Oh and if u watch kids programs and think loads of the jokes r made for stoners wen its really 4 10 yr old kids
dude.... alll most alll of these are true mor me.... like maybe 40 out of 56....
if u ever sit in the rain and think that it sounds picturesque then u might be a stoner.
you might be a stoner when you start a small fire in your room and laugh for half an hour while your sister is sleeping just outside your door.
If you try to unscrew the top of every coke can you pick up... you might be a stoner.
If the pencil holder on your desk is full of an assortment of different sized pens and non of them work...you might be a stoner
If you've spent more money on Pot and/or any Pot related objects than food...you might be a stoner
If you decide to a have a permanent tattoo of a Pot leaf etched into your back...you might be a stoner..
When you get someone's business card...specificly because it's the right kind of material for a filter...you know you might be a stoner.
if you pull up to a stop sign and wait for it to turn green....you might be a stoner
if seconds after you get busted by the cops you turn to your buddies and say well get buddy on the phone lets go pick up....you might be a stoner(true happening)
you might be a stoner if you look at some food and say wow i wonder how it would be if i was high
you know you're a stoner if you're bobbong and make a special little post for every idea that pops into your head at any moment.. or wait.. thats not a stoner.. thats a jackass.. sorry wrong word.
Quote:
Originally Posted by Takahashi
uhhh... what?
come again shitface?
Takahashi, why do you have to be like that? This is an easy-going board where people don't criticize each other for insignificant, asinine shit.
apparently he was criticizing the fact that i posted 4 "..you might be a stoner" all within a few seconds or minutes of eachother...
well sue me for not being a JACKASS and actually coming up with half funny lines.
if you have ever driven to a 7-11 that was 15 minutes away for doughnuts... at 3 in the morning(true story) you might be a stoner.
hahahah excellent comebackQuote:
Originally Posted by BobBong
this actually happened to me and my buds...
if its a friday night and you just sit on a couch for 5 in complete silence doing nothing because your dealer hasnt showed up yet
i meant to say 5 hours
you know your a stoner if you go on a family vacation for a weekend and the second you arrive a holiday in your scoping out places to excape for a pleasant burn
your prolly a stoner if your trying to put away clothes while watching tv..and it takes you 45 minutes to put away one shirt..true story..

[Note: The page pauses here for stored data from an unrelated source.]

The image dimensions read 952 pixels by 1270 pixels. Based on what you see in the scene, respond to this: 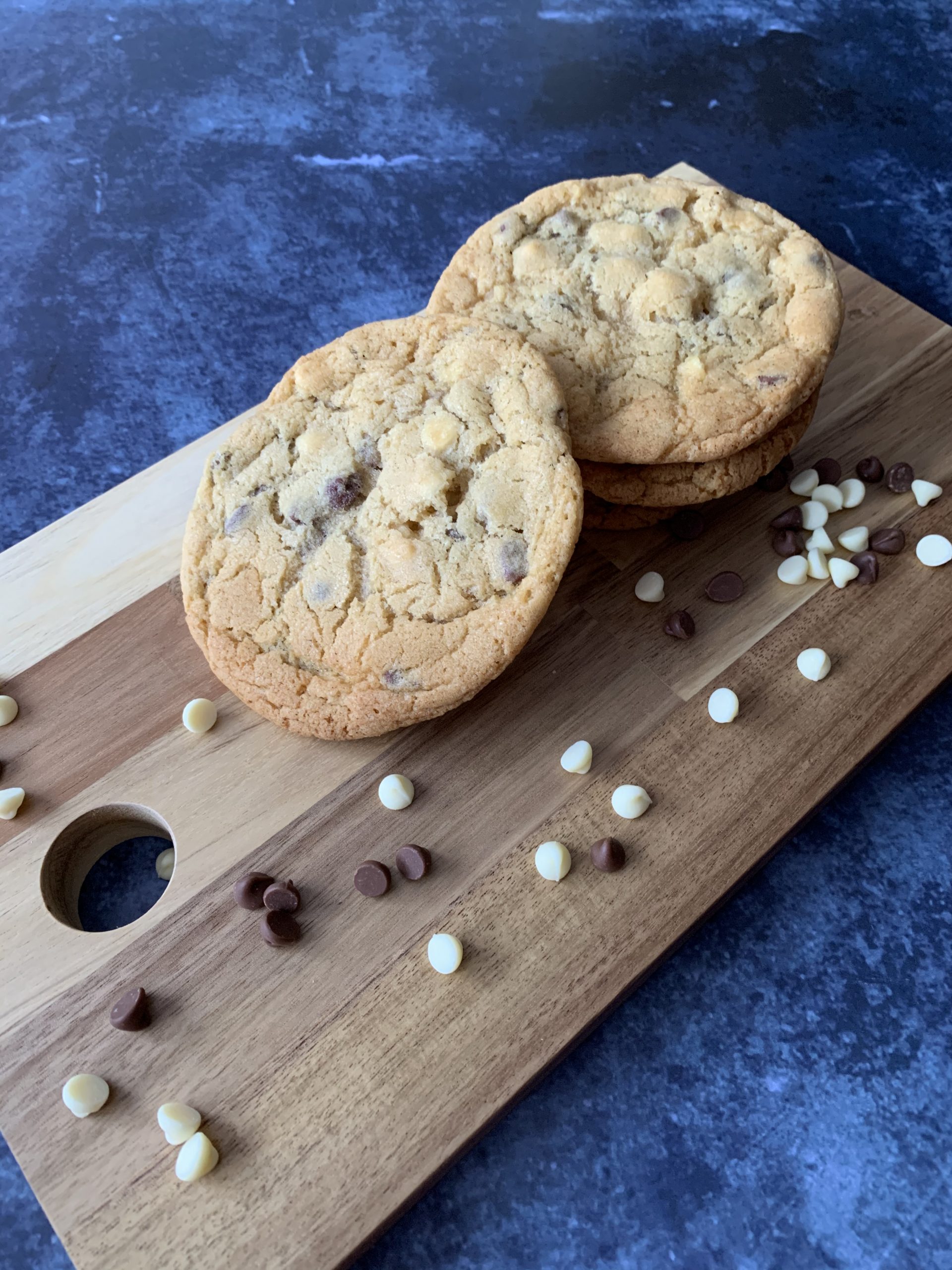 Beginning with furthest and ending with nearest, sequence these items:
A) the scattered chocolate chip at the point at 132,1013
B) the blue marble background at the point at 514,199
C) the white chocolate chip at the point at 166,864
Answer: the white chocolate chip at the point at 166,864, the blue marble background at the point at 514,199, the scattered chocolate chip at the point at 132,1013

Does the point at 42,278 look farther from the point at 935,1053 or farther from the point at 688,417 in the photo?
the point at 935,1053

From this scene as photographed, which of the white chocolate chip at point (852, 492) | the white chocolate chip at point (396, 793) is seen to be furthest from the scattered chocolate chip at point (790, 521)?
the white chocolate chip at point (396, 793)

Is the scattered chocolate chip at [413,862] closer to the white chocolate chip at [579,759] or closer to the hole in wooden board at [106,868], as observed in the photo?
the white chocolate chip at [579,759]

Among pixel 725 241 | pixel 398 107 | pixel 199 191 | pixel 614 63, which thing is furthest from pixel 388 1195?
pixel 614 63

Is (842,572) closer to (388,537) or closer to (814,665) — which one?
(814,665)

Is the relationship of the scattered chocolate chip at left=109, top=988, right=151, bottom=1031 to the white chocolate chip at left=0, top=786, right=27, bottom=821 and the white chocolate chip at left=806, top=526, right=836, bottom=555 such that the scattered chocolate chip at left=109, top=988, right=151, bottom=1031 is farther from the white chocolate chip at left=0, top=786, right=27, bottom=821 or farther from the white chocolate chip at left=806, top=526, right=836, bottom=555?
the white chocolate chip at left=806, top=526, right=836, bottom=555

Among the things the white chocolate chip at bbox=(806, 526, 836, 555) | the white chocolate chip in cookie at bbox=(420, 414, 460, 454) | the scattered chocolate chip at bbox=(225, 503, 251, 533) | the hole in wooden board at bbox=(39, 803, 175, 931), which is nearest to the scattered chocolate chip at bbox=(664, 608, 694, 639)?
the white chocolate chip at bbox=(806, 526, 836, 555) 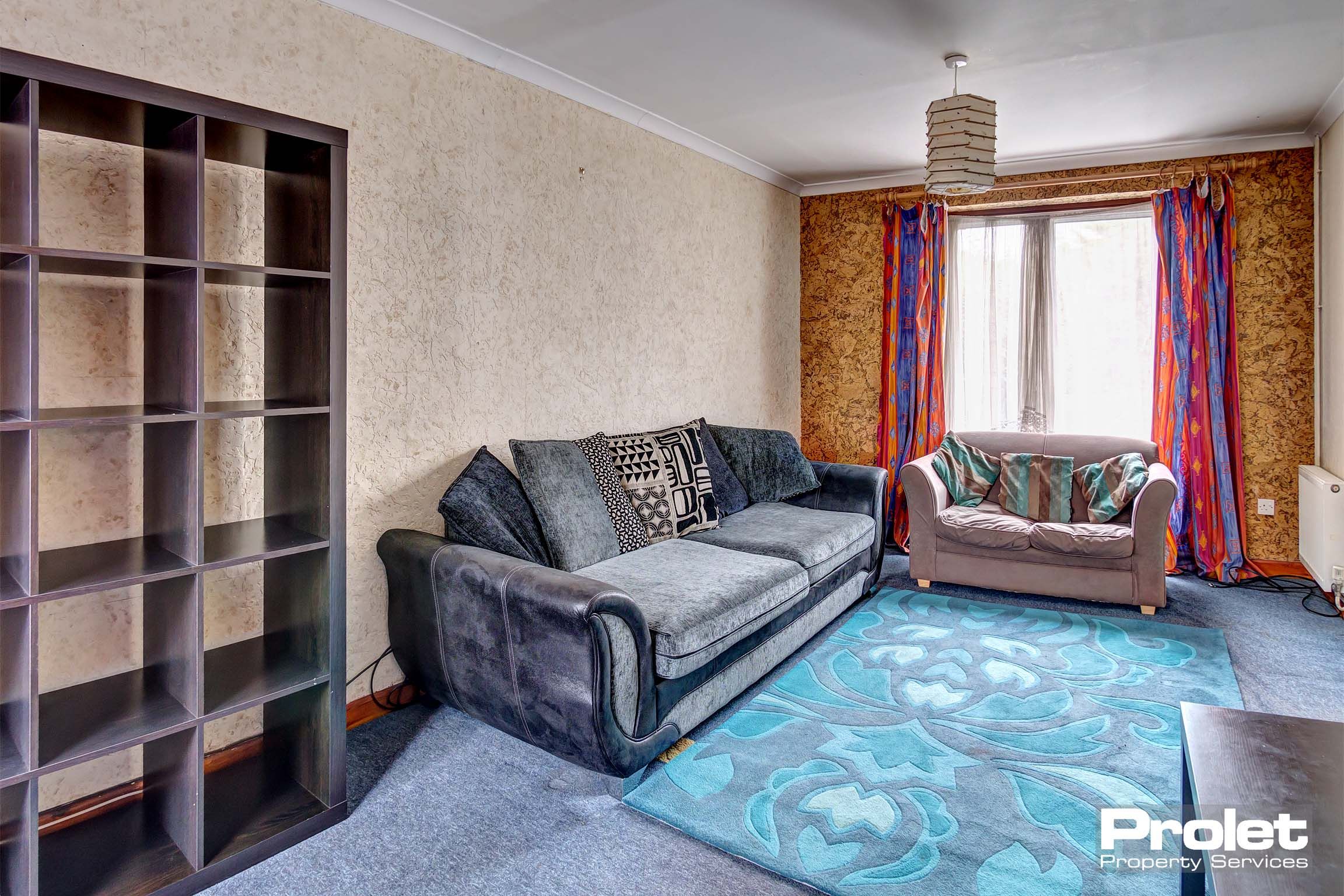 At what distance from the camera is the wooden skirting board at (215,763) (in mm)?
2072

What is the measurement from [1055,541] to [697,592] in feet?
7.46

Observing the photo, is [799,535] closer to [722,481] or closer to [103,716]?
[722,481]

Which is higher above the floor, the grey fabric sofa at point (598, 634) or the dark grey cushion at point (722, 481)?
the dark grey cushion at point (722, 481)

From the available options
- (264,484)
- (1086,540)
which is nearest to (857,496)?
(1086,540)

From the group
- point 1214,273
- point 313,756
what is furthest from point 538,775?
point 1214,273

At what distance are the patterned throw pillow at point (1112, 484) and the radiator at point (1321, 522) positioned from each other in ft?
2.45

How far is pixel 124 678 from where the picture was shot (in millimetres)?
2111

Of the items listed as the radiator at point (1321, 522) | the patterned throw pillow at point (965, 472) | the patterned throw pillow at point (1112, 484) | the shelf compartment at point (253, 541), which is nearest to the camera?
the shelf compartment at point (253, 541)

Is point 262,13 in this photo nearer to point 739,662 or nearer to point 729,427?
point 739,662

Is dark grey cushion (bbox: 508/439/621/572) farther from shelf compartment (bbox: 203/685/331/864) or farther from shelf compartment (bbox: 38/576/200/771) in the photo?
shelf compartment (bbox: 38/576/200/771)

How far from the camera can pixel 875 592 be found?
4.34 m

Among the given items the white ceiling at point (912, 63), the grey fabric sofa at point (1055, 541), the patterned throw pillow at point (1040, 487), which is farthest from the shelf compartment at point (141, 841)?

you may be the child of a stoner if you leave the house after toking up with some friends to go toke somewhere else and when you come back you cant find the bong that you thought you left sitting in the middle of the floor..*wink*.. so you search your fathers basement and find it sitting packed and halfway burnt behind the couch..lol..
u might be stoner if... you come on this board and forget your password ... *cough* yep thats just happened to me lol.. i had to reset it .
Quote:
Originally Posted by Stella Blue
y not just stay loged in???? i havent loged out in so long that i for got u even needed a pass word for this plase.
u might be a stoner if everytime you come to school, people are always telling you to try and touch your nose, even if they know you ran dry weeks ago O_o (try story)
when all the magasines on your coffee table have little rectangles torn off the covers, you might be a stoner.